Since then, Rep. Garrett Graves worked to pass the Water Resources and Development Act, or WRDA, in the House this week.
“We're never going to get these projects built, we're never going to see the benefits of them, we're never going to have flood-proof communities if we're having to go through these project processes that take 30-40 years to finish them,” Graves said.
WRDA passed 408 to 2. Graves said the bill gets rid of some red tape and bureaucracy, and puts power in the hands of those who most want to protect their homes and businesses.

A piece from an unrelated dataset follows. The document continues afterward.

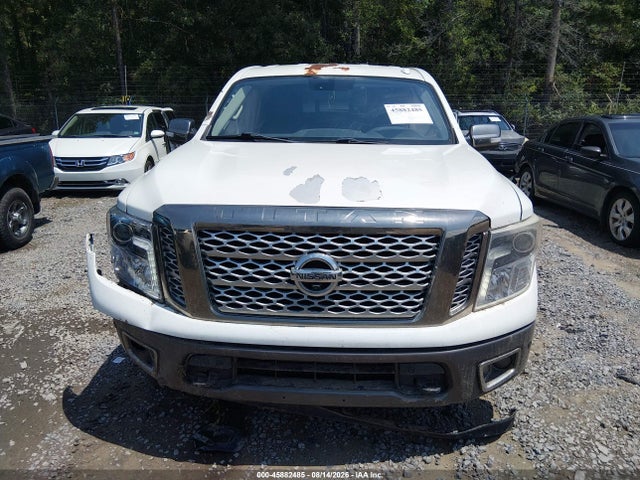 2018 Nissan Titan Platinum Reserve მანქანა იყიდება აუქციონზე, vin: 1N6AA1E53JN505401, აუქციონის ნომერი: 45882485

“It allows a parish, a city, a levee district, a state to say, 'We think we can do this faster and cheaper' so they can step in and use the approvals the Corps has already received, take the money and do the project themselves,” Graves said.
It wouldn't mean the Corps would be completely hands-off. For every one-third of local funds invested in a project, the federal government would match that with two-thirds federal money.
“Far as the federal project, probably never in my lifetime, and I still believe that unless a lot of federal money falls off the sky,” Dupre said.
Dupre said his parish has dumped $400 million into building levees, according to the Corps blueprints. He's hopeful WRDA will save them time and money in the future.
“It helps with an easier path on getting environmental clearances on permits because of all the past work from the Corps to get authorization on Morganza to the Gulf,” Dupre said.
Ultimately he believes it won't be long until what's happening in Terrebonne becomes the standard across the Louisiana coast.
“Unless you have a major disaster like Katrina I believe the communities are going to have to step up and put skin in the game in order to build these kinds of projects and protect themselves,” he said.
Under current regulations, the Army Corps of Engineers says for land to be used for flood mitigation, it must be purchased. Graves said the bill also allows for donated land, not just purchased.